The New York Times reported yesterday the return of corporate share buy-backs in the USA. When I tweeted the link to the story, someone replied with perhaps the best analogy I could come up with: this is like burning the house to keep warm.

Which it is. A share buy back essentially means this: the company board uses its profits not to invest in new research or in new machinery. It uses them to buy up its own shares. In the short term, this has a particular effect: because all of sudden the demand for these shares rises, the share price rises. Because the board’s bonuses are dependent on the price of shares – and because the fiduciary duty requires that boards of directors do that thing which maximises share value – it is always a temptation. But in the long run, it is essentially asset stripping. Rather than reinvesting in those things the company needs to continue to survive, the company is using its surplus cash to artificially inflate its value: burning the house to keep warm.

But what is crucial to understand in this story is that this measure is not a tale of desperate boards in desperate times. In fact, buy-backs have been rife since the 1980s. If we are to understand the collapse of the American car industry, for example, we must first understand that vast profits were poured by companies like Ford into this particular type of what Robin Ince calls Schrödinger’s capitalism. And as with the feline version, the problem comes when people looked in the box: whilst the short term trend is for increased share prices, in the longer term, investors realise that it is all a con trick.

But it’s more than a con trick. Ultimately, it undermines the key argument for capitalism. Because the clever capitalist will tell you this: ‘yes, capitalist systems can lead to exploitation. Yes, they can lead to inequality, and therefore to all of the social problems likely to result from this’. ‘But’, they say, ‘ultimately, capitalism is about driving new ideas. It is about setting entrepreneurs free so that they can fund the best ideas, the best research. And so, ultimately, it is needed to drive society forward.’

To put it another way, what they are saying is that when we work for a company, the profit resulting from our work should be handed to our bosses: to those who own the tools we use. Whilst this may cause short term social ills, they are the people who are best placed to invest it in new things which are good for generating new wealth – and so good for moving our society forwards. This is how they justify skimming wealth from our wages: this is how they explain their right to claim and accumulate the capital we generate. This is how they justify capitalism.

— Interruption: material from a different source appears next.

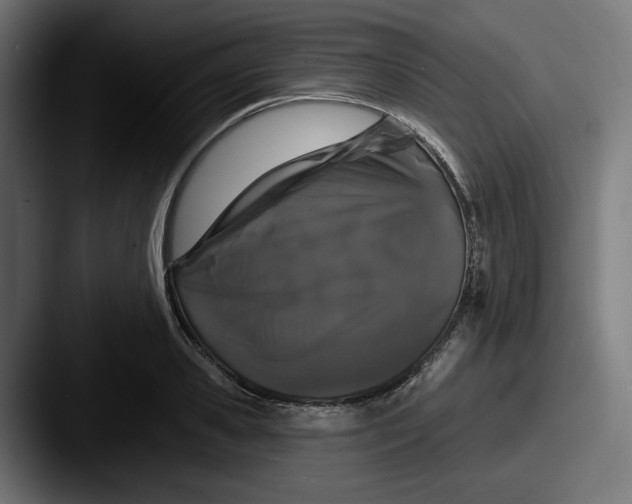 X0000087530941200705181028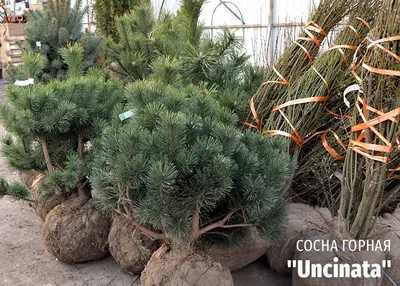 Сосна Горная Uncinata (Унцината) 20-40 см в пластиковом горшке 1-2 л,  саженец, хвойное живое растение, комплект из 4 шт — купить в  интернет-магазине по низкой цене на Яндекс Маркете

It is, of course, nonsense. The largest leaps forward in technology have come immediately after major wars, or space programmes – all state funded, through the state funded military industrial complexes, or through state funded university research departments. Most computer technology was developed after the mass expansion around the world of state funded higher education: much of it in Silicon Valley by the generation who studied at the University of California for free. Innovation comes not from a tiny elite of Übermensch to whom we should hand our economy, but from societies willing to invest in ideas.

But let’s assume for a second that we go with these capitalists for the sake of argument. Every month that goes by reveals new and exciting ways that the mega rich have found to squander all of the wealth they have pilfered from their employees, their customers, and the state: derivative markets, currency speculation, and the vast swimming pools which come with their self awarded spiralling wages. But share buy backs are a particular pernicious one. Because they demonstrate yet another way in which our capitalist system has totally and utterly failed at the one thing it claims to be good at: investing in new ideas, driving entrepreneurship. And they show how these brands which represented large industrial bases were slowly allowed to rot: because short term value was prized over their purpose. Rather than properly invest, company directors in the USA have found it quicker and easier to perform a conjuring trick which makes it look in the short term like the value of their shares has increased. And the short term, is, of course, all that exists in the quantum world of Schrödinger’s Capitalism.

So, next time a capitalist tells you that theirs is the only system which works, ask them this: “why should my boss get to steal a portion of my wages? Do you honestly think they can be trusted to do anything sensible with them?”